I'm using a foreach loop to try and speed up some data processing I'm doing. I'd upload the full code, but its about 2k lines long so that doesn't seem worthwhile. Basically, I have a bunch of matrices (15 wide and 300 to 1500 long) that I need to pass through Mplus using mclust. I have a for loop which wraps around the foreach loop, which contains the mclust model fitting. Something like this:
registerDoParallel(4)
for (i in 1:10) {
if (i==1) {data=load(file.rda)} #I've broken the data into 10 smaller chunks
if (i==2) ...
out <- foreach (sim=1:length(data), .packages=c('mclust','MplusAutomation')) %dopar% {
#Proceed to fit various models in Mplus and saving the important output to a matrix as
results[1:130]
#this is so the thing that gets reported is the list of results I need and not a singular value.
}
if (i==1) {save(out, "out.file.rda")}
if (i==2) ...
}
Anyway, I know the code works on smaller data batches (for instance, if I tell it to run only on the first ten in each of the datasets, it can run clean through without issue.
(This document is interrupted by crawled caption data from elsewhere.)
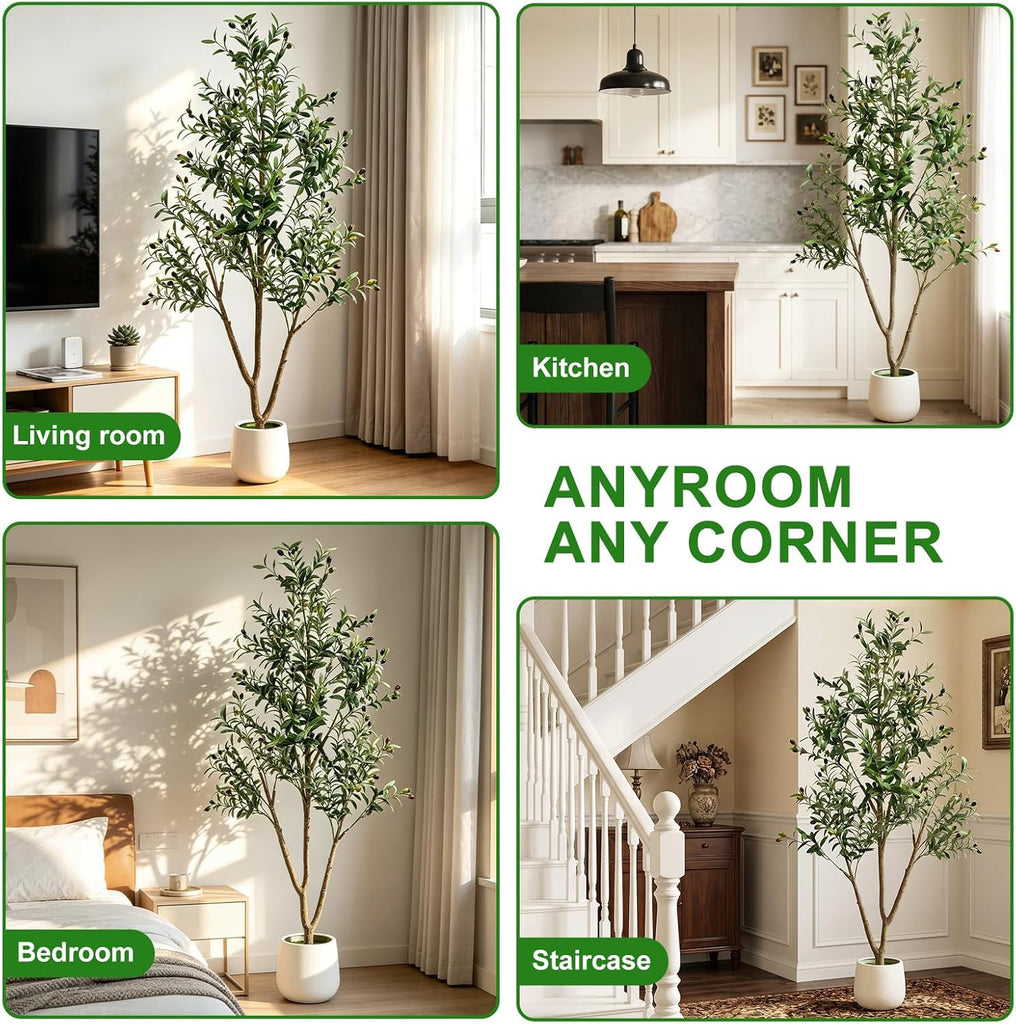 6FT Artificial Olive Tree Indoor with Lights & Planter, Realistic Faux Olive Trees with Lifelike Fruits Decor, Tall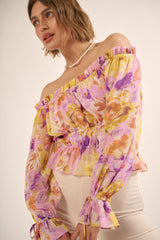 Lavender Floral Off-Shoulder Neck Chiffon Blouse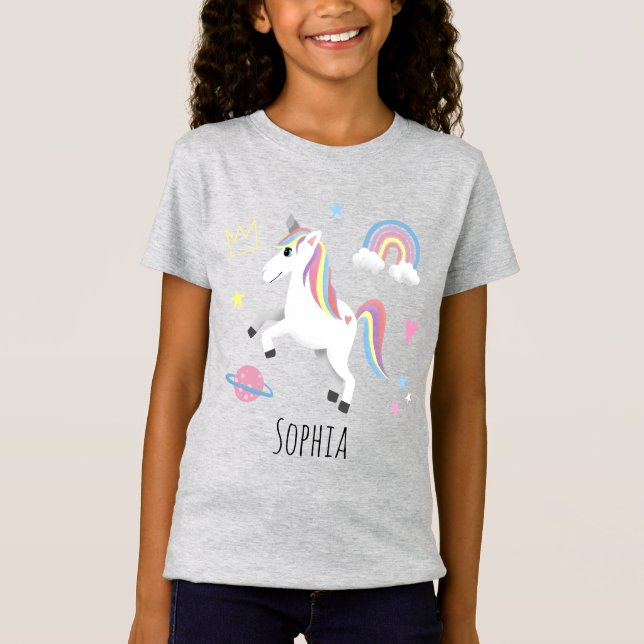 Girls Cute Magical Purple Unicorn & Name T-Shirt (Front)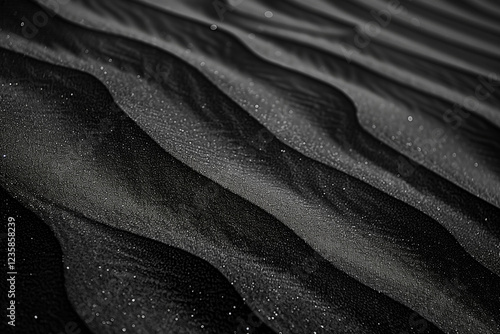 Abstract background of black sand dunes. Monochrome image. Texture and nature concept. Generative AI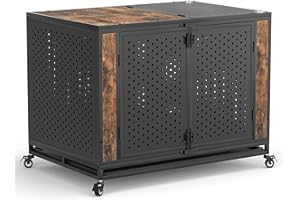 REXWELTEN 42" Heavy Duty Dog Crate Furniture for Large and Medium Dogs, Enclosed Design with 0.5 inch Holes, Indestructible Metal Kennel for High Anxiety Dogs, Chew Proof Pet House Cage Indoor, Brown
However, when I ramp this up to running on the full dataset, I get errors like this:
Error in { : task 175 failed - "cannot open the connection"
It seems to happen at different points during the script, not always at the same time/place. I've tried messing with how many cores it uses (4-6), how much data it loads in at any one time (all 6.6 GB at once to 1/10th of that), I've increased the working memory (memory.limit(size=56000)), but none of these changes have allowed the code to run without error. In fact, it's never managed to complete one of the i loops through yet.
Any suggestions?